Week 4 - Codebooks and Data Documentation

Outline

  1. Documenting your design
  2. Building a codebook
  3. Cleaning your data using codebooks
  4. Problem set and Question time
  • Note: the schedule says we were going to talk about data import today. I want to focus on codebooks, so please read R for Data Science Chapters 8 and 21 to make sure you understand those pieces

Documenting your design

  • Documentation is a critical part of open science, but not one we’re really taught
  • Documentation is going to look different for different types of research, but it’s not a hopeless cause to think about common features of documentation
  • Common Documentation:
    • Preregistration
    • Experiment Script (for standardizing across experimenters)
    • Survey / experimental files / stimuli / questions
    • Codebooks of all variables collected
    • Codebooks of variables used in a given study
  • In this workbook, I want to touch on three things:
    • Preregistration (brief, mostly focusing on pointing you to resources)
    • Protocol and design flow
    • Codebooks of variables used in a given study (and how to use it in R)

Preregistration

  • Preregistration:
    • Specifying your study design, research questions, hypotheses, data cleaning, analytic plan, inference criteria, and robustness checks in advance
  • Why should you preregister?
    • Badges are fun
    • Preregistrations are not rigid but a chance to think through the questions you want to ask and answer and the challenges that might arise in doing so
    • Builds trust in the scientific process

  • Preregistration is hard
    • Specifying your plan in advance takes considerable effort and time, which can feel like very slow science
  • Preregistration is worthwhile
    • But preregistering plans, code, etc. can speed up the analytic portion of your research workflow, which builds great momentum for writing and submitting projects

What should I preregister?

  • Depends on the project, some examples include study design, individual research projects, etc.
    • Study design: A large survey is collected or a multi-part experiment is conducted. Measures, design, some research questions and hypotheses are specified a priori
    • Individual paper / project: A single-part survey or experiment is conducted or a specific piece of a multi-part study is investigated. If part of a multi-part study/experiment, should be linked to the parent preregistration

Learning More:

Protocol and Design Flow

  • Procedure sections in scientific papers are meant to map out, as concisely and simply as possible, how data were obtained (adhering to human subjects ethical codes, etc.)

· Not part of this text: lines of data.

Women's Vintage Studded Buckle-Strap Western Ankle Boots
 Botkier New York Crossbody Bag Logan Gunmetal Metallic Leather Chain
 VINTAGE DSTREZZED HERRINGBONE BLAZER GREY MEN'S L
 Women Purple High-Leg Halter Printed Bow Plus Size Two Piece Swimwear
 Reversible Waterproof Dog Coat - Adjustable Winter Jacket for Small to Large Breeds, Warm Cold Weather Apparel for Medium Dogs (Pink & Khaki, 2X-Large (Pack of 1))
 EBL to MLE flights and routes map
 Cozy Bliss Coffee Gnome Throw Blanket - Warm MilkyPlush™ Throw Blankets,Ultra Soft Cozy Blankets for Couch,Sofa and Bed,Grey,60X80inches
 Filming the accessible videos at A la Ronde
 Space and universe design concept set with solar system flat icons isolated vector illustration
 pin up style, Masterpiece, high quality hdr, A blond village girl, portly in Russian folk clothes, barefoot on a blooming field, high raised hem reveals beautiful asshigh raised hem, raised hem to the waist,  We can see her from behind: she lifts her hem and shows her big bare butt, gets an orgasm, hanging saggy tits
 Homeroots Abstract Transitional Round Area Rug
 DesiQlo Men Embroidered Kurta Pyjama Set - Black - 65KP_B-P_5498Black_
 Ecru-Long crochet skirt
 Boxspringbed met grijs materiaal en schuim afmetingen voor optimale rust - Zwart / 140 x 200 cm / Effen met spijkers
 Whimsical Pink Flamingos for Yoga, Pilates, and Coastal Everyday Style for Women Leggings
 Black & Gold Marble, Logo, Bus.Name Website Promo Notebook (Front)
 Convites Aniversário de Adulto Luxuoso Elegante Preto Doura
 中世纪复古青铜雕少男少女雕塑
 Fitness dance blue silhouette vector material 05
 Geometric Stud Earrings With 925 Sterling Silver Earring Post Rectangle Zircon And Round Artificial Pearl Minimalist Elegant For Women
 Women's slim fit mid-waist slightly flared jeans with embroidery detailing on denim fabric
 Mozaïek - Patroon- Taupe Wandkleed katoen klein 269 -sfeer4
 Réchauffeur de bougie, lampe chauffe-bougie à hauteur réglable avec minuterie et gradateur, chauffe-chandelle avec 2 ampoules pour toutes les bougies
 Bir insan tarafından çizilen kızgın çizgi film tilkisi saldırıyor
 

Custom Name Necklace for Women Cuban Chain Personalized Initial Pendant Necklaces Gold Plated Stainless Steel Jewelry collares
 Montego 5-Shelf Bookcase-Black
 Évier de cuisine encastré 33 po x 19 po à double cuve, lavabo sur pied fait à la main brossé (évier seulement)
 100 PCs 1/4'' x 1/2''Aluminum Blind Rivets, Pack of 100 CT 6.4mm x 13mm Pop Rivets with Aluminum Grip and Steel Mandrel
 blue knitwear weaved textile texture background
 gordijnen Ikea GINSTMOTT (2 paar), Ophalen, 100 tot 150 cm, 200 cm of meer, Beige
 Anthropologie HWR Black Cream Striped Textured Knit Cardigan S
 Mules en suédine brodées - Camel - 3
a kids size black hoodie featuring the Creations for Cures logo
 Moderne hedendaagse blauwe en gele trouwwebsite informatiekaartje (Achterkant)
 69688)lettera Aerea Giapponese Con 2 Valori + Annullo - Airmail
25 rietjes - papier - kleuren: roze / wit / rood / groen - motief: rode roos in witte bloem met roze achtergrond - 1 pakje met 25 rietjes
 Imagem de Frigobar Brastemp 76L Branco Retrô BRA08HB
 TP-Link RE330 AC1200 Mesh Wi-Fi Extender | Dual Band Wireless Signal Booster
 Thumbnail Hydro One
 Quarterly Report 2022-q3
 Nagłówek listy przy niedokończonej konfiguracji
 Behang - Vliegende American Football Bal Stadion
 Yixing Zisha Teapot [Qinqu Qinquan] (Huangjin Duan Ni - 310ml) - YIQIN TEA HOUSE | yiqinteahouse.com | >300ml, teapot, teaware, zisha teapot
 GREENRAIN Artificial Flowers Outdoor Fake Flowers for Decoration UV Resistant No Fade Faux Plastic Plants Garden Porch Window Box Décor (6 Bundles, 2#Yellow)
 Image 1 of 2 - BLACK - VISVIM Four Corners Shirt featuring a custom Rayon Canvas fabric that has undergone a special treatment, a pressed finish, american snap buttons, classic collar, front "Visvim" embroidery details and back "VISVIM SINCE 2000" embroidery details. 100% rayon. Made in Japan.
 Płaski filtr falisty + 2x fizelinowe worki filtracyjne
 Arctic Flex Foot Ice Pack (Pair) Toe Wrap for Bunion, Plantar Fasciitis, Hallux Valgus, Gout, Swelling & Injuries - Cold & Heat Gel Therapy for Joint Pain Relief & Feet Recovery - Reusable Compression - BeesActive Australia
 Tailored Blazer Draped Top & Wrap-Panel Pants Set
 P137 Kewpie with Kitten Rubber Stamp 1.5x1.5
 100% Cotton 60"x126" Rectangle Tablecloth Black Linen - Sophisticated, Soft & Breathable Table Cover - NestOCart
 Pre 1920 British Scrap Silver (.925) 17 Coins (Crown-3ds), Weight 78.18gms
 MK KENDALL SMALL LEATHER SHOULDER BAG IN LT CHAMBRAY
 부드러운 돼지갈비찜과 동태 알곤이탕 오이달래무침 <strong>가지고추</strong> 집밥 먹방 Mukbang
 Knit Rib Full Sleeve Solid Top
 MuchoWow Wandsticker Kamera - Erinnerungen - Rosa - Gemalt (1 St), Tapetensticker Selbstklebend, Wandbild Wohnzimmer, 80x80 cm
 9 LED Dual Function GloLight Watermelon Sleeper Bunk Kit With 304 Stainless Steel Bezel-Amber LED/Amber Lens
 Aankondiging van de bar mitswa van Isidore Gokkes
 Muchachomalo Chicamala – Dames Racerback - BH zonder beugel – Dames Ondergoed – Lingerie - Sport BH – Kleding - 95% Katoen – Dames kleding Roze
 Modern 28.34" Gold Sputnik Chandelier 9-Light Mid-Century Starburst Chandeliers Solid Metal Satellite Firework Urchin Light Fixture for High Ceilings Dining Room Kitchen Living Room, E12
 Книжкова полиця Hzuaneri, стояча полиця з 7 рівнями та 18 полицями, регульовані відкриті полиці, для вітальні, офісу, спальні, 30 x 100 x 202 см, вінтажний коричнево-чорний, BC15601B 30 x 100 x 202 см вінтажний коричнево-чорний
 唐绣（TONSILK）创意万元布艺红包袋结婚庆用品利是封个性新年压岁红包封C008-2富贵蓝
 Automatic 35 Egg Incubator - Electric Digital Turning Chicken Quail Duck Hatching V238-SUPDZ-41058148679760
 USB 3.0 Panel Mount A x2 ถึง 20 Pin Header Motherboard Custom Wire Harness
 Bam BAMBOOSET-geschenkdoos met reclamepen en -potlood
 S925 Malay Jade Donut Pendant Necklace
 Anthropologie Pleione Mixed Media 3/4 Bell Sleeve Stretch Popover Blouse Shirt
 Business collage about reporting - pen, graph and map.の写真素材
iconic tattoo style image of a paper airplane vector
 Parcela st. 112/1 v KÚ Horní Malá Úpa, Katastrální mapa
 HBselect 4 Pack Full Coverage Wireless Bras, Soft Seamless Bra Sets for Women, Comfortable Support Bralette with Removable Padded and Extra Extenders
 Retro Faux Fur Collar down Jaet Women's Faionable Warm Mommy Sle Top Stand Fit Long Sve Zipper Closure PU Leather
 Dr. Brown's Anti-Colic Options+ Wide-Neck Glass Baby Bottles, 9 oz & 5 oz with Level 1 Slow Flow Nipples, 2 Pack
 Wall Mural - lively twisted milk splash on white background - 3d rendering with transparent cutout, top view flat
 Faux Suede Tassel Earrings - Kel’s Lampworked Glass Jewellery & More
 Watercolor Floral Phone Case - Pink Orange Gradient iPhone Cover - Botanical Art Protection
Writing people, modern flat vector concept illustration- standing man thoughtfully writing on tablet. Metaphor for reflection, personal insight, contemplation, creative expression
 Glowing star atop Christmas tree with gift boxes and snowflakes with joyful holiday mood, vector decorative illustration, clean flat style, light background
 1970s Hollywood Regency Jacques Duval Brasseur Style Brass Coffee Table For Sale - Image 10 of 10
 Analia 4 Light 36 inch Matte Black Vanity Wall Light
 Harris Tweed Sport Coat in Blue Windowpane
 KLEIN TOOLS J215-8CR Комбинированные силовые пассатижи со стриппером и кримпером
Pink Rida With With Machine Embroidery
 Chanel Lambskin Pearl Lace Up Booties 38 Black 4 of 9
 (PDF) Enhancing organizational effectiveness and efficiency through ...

  • But such sections are not sufficient to replicate or reproduce research because study designs are much more intricate and include many more details than what fits in a method section

    • e.g. measures not used because they weren’t focal, the code tha tunderlies how data are collected, preprocessing, etc.
  • As researchers, it’s our job to make sure that the work we do is documented so well that someone could replicate our studies.

  • Think of it sort of like doing your taxes. You want to keep enough information that if you were audited, you would be able to quickly and easily provide all the relevant information.

  • What you need to document will depend on the kind of work you do.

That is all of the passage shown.